4.1 Moving from Initial Issue to Vision

When discussing why they wanted to start acting around the initial issue, several actors described the visions around the initial issue they had been exposed to (Fig. 2).

Among them, several were indirectly aware of the prototype project focused on the initial issue: “Our teacher at school introduced us to [a prototype], and I was influenced to start focusing on it [that issue] (P07).” “I felt that I agreed with [the vision around the original issue] that he described (P01).” Some actors who had directly experienced the prototype project and formed a vision for action “I was in [a certain area or scene] when there was [a certain prototype] there, and they did so with the purpose of [a vision around the initial issue], which I found interesting (P09).” After having carried out some practical actions around the initial issue, some actors further developed a vision involving community building according to other prototypes: “When I knew [a prototype], I thought what I wanted to do was community building (P02).”, “We started out just wanting to do [a vision around the initial issue], but after we talked to the people involved in [a prototype],” they felt that “We also have some similarities with community building (P08).”, P14 realizes that community is a context for realizing the vision that arises around social issues, he said: “At the beginning, I was very focused on [the initial issue] […] Then the big social problems, the big social issues, were slowly and gradually narrowed down to the community context.”

Fig. 2.
figure 2

The duality perspective in society-self and community-self relations (Illustrated by the authors).

The existence of an ongoing social innovation prototype is part of the reason why they are still willing to take actions: “I see that my partner who was working on [a prototype] project with me is still going strong, and I get touched (P05).”, “[I have seen] some of the different cases around the world, [learn]some of the experiences from others, [I think we] can do this kind of ‘on-the-ground’ execution as well (P03).” The discussion about the prototype will continue at 5.1.

4.2 Reflecting on Society-Self and Community-Self Relations

The actor engages in identity construction in two spaces of meaning - referring to society and community [36] - in search of an explanation for the social innovation practices he engages in. What the actors consider themselves for the community becomes a key distinction in how these actors act.

Reflecting on Social-Self Relation.

When reflecting on motivation, some actors tend to explain social behavior in terms of “interests driven by rationality (value rationality or purposive rationality),” this reflexivity emphasizes the actor’s self in “society.”

This segment of actors cites the highly generalized social identity represented by the professional division of labor as an important reason for their actions. They tend to explain their “interventions” using a discourse of “previous personal experiences”, including educational backgrounds and professional project experiences. Actors who have majored in education use the term “teaching aids” when defining empowerment tools. And those in the media industry considered that they were taking further action based on “editorial”. There are also actors who tend to state directly how this way of acting is related to their professions. The social identity that comes with the profession is constrained the way of action, “Because we are [a certain profession], we will […] (P19).”, “I probably realized more of a combination of my profession throughout the process of doing operations (P09)”, “I myself am [professional]…. We just go to that village and do research and help them [with specific actions] (P11).”

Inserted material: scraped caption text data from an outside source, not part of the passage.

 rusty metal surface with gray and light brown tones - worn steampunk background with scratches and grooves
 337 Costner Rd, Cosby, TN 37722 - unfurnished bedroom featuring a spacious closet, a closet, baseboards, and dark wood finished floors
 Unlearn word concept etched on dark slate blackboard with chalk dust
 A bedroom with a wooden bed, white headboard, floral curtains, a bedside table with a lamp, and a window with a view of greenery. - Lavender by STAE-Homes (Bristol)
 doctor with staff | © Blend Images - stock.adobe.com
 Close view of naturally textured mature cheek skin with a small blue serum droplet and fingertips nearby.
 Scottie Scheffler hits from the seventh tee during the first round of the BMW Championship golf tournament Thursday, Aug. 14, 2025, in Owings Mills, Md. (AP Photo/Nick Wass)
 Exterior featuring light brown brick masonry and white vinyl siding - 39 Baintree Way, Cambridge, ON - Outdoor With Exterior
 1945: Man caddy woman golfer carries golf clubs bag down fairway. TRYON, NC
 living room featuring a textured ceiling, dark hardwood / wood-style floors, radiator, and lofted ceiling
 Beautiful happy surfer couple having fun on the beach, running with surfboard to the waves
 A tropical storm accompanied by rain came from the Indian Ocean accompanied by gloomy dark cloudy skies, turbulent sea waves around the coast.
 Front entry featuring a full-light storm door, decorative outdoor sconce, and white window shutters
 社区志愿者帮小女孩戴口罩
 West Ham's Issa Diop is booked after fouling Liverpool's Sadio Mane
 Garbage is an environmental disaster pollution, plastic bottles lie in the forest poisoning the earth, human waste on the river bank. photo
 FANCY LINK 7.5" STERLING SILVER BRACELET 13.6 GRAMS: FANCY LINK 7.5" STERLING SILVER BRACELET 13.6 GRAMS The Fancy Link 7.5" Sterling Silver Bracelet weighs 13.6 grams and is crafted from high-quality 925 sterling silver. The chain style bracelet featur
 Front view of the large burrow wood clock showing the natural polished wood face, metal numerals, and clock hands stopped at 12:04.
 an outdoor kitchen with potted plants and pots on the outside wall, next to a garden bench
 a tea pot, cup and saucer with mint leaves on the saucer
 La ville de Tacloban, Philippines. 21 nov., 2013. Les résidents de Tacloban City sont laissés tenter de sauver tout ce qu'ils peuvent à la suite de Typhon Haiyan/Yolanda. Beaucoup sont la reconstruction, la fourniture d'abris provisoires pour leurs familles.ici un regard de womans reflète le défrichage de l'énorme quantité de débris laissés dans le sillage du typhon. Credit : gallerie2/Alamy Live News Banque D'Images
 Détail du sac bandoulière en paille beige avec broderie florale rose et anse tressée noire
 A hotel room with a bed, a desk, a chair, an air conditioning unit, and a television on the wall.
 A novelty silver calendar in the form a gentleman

Rather than explaining their motivation by a highly generalized social identity, some actors tend to reflect on the relationship between society and the self or their former social identity, “I was reflecting on the relationship between the whole industry I’m in and myself (P13)”, “Maybe I started to think about the relationship between these works and the space it’s in and the small social relationship it’s in (P06).”, “I don’t want to do the same [professional] work anymore […] I felt that this is problematic for my life, and that such a life is meaningless(P20).”, “I think it’s more in the context of the rapid pace of work and […] [participate in social innovation project] is more humanism (P09).”

Actors reflecting social-self can define themselves or their team’s way of acting as a third party, considering themselves as one type of stakeholder among society. They are acting in the social innovation as a neutral actor outside the community (whether they define it as a spiritual community or a geo-community). “We intervene in a very fair and objective way to build a bridge between the different groups (P07)”, when the actors, who pre-define themselves as “professionals”, and reveal their “individual capacity to take action”. When confronted with the “complexity of reality,” some practitioners return to the “planning” aspect of the work without consideration of practical execution. Moreover, in order to gain more support in the longer term, the actors need to interpret their actions in a discourse that is more easily recognized by capital or foundations.

Reflecting on Community-Self Relation.

Another group of actors recognized the limitations of the predetermined role of the intervention. They reflect on their identity in the community and look forward to becoming insiders. When actors explained their motivation using the terms of “sense of belonging, common relations and participation” [36, 37], this reflexivity emphasizes the actor’s self in “community”.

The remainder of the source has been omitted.